CLI OECD dan LEI CEIC Merosot Bersamaan, Ekonomi Indonesia Disebut Mulai Kehilangan Tenaga

Penulis: Jefri Siahaan  •  Rabu, 19 Agustus 2026 | 09:09:31 WIB
CLI OECD dan LEI CEIC tercatat menurun bersamaan, mengindikasikan potensi perlambatan ekonomi Indonesia.

JAWA BARAT — Laju pertumbuhan ekonomi domestik yang masih stabil tidak lantas membuat risiko perlambatan hilang. Lembaga riset NEXT Indonesia Center justru mendeteksi serangkaian sinyal pelemahan yang muncul dari indikator-indikator berorientasi masa depan, yang biasanya bergerak lebih dulu sebelum kondisi riil berubah.

Dalam kajian terbaru bertajuk "Waspadai Sinyal Ekonomi Indonesia", lembaga tersebut menyoroti dua indikator utama: Composite Leading Indicator (CLI) dari OECD dan Leading Economic Indicator (LEI) dari CEIC. Keduanya sama-sama menunjukkan tren penurunan dalam beberapa bulan terakhir.

Koreksi Dua Indikator Prospek Ekonomi

Data terakhir per Juni 2026 menempatkan CLI OECD di level 99,81, turun dari 100,73 pada Desember 2025. Meski penurunannya terlihat tipis, posisi di bawah angka 100 lazim diartikan sebagai sinyal perlambatan aktivitas ekonomi dalam enam hingga sembilan bulan ke depan.

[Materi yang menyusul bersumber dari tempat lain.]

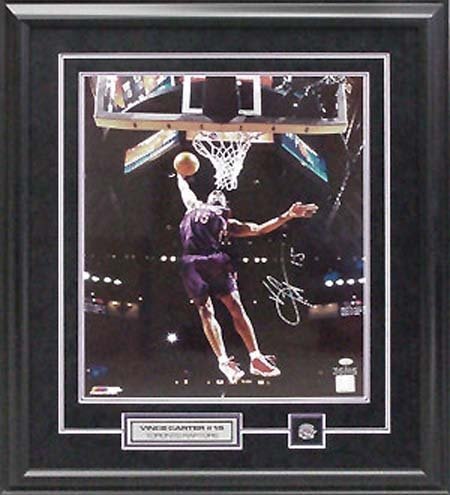 Vince Carter Autographed/Hand Signed 16'' x 20'' Plate & Pin Raptors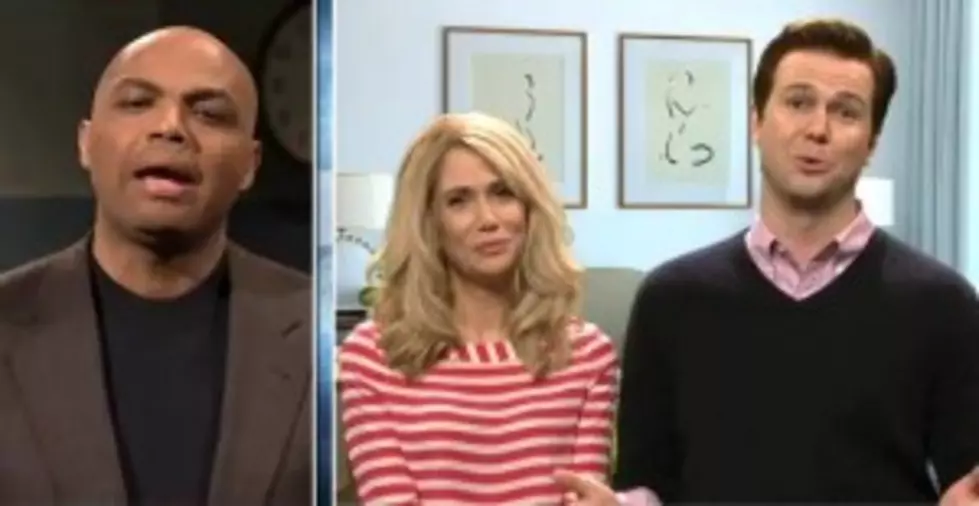 Charles Barkley Deomonstrates &#8216;White People Problems&#8217; on SNL [VIDEO]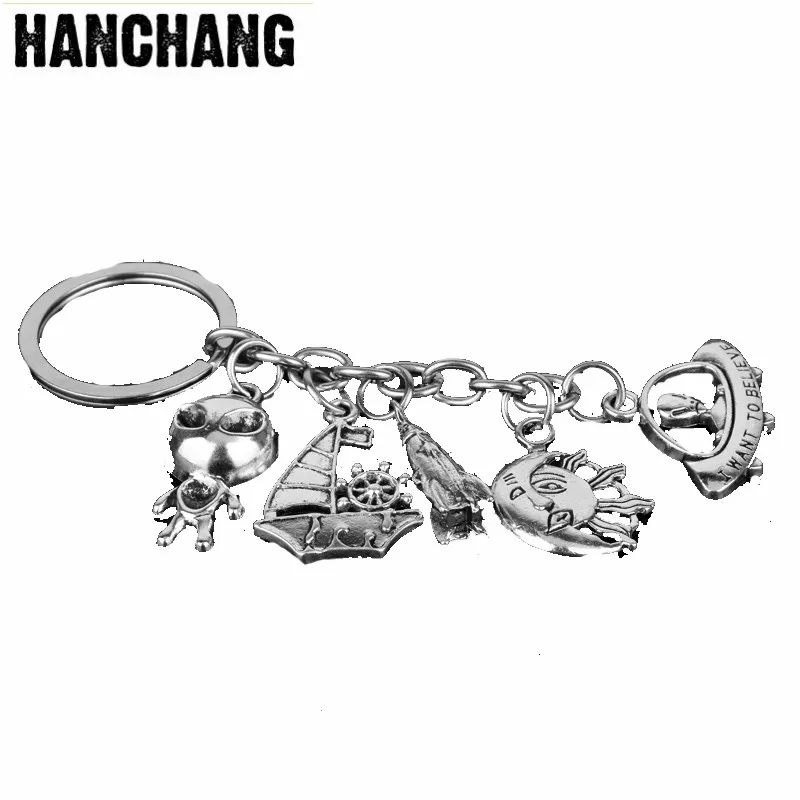 

Antique Silver Space Geek I WANT TO BELIEVE UFO Alien Keychain Men Pirate keyring Key Holder Accessories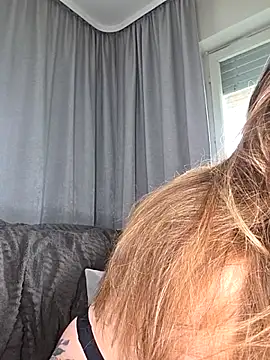 Luna Lynn online show from March 2026 09:49:01 AM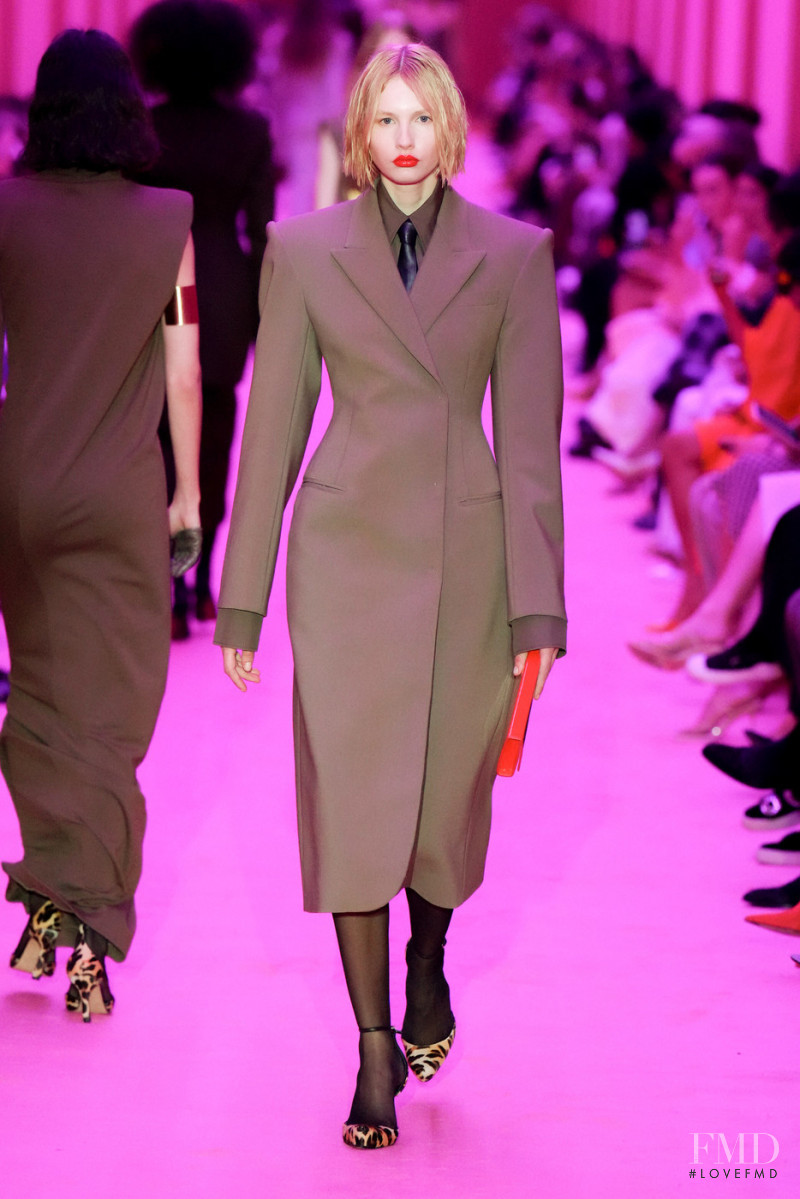 Elisa Nijman featured in  the Sportmax fashion show for Autumn/Winter 2022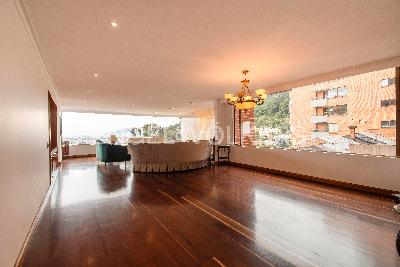 Apartamento en venta en Chico Alto, Bogotá · foto 3 de 17
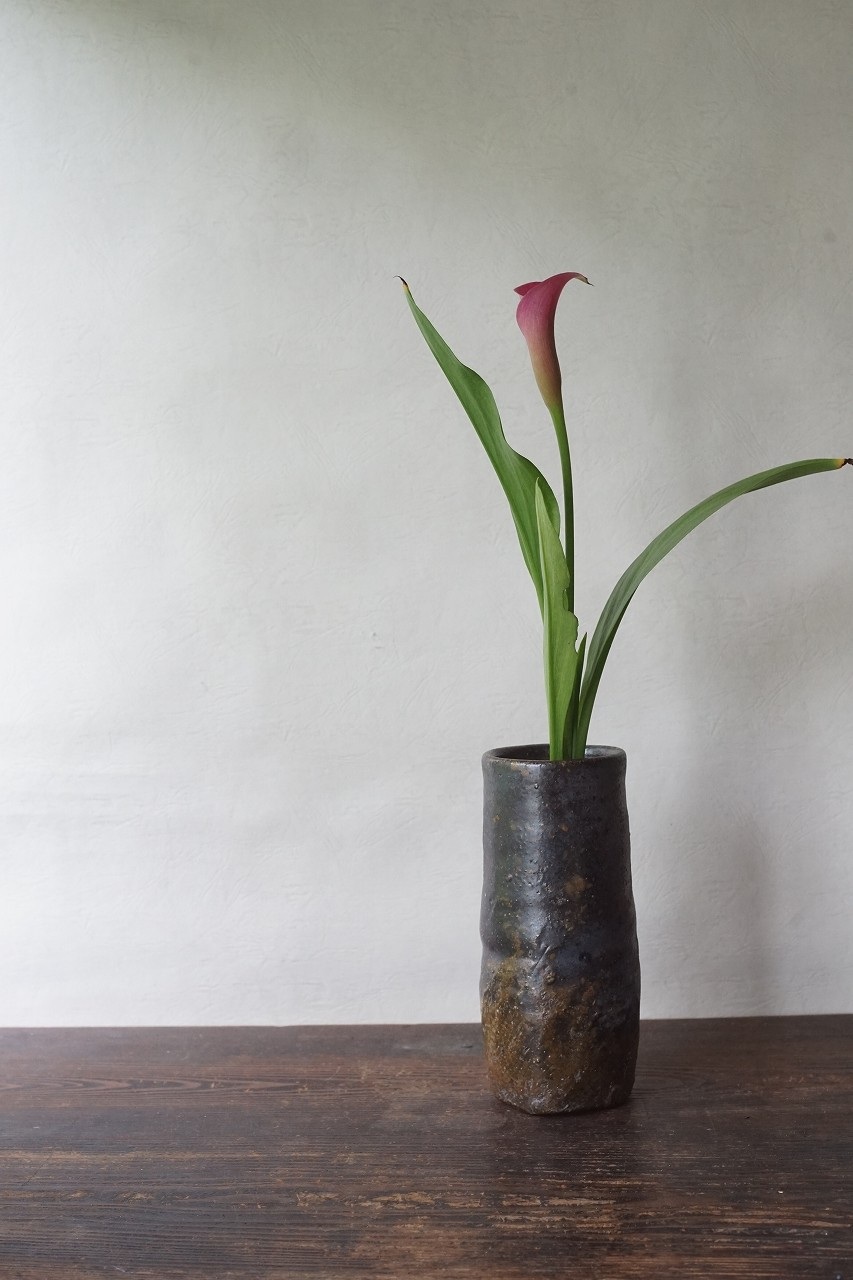 備前筒花入　Naoki Yokoyama　－カラー－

Penurunan LEI CEIC jauh lebih dalam. Indikator ini melorot dari 102,33 pada November 2025 menjadi 92,41 pada Juni 2026, atau terkoreksi hingga 9,69 persen. Koreksi tajam dalam rentang waktu singkat seperti ini jarang terjadi dan kerap menjadi alarm awal bagi pelaku pasar.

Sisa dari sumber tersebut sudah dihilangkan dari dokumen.